▸ REQUIRED ACTION
Copy out the data so that nothing differs from the original.

▸ THE DATA
==*==
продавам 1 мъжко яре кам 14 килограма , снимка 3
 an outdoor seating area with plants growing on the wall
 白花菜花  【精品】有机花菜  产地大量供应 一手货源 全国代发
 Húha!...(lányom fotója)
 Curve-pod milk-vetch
==*==
▸ YOUR SOLUTION
продавам 1 мъжко яре кам 14 килограма , снимка 3
 an outdoor seating area with plants growing on the wall
 白花菜花  【精品】有机花菜  产地大量供应 一手货源 全国代发
 Húha!...(lányom fotója)
 Curve-pod milk-vetch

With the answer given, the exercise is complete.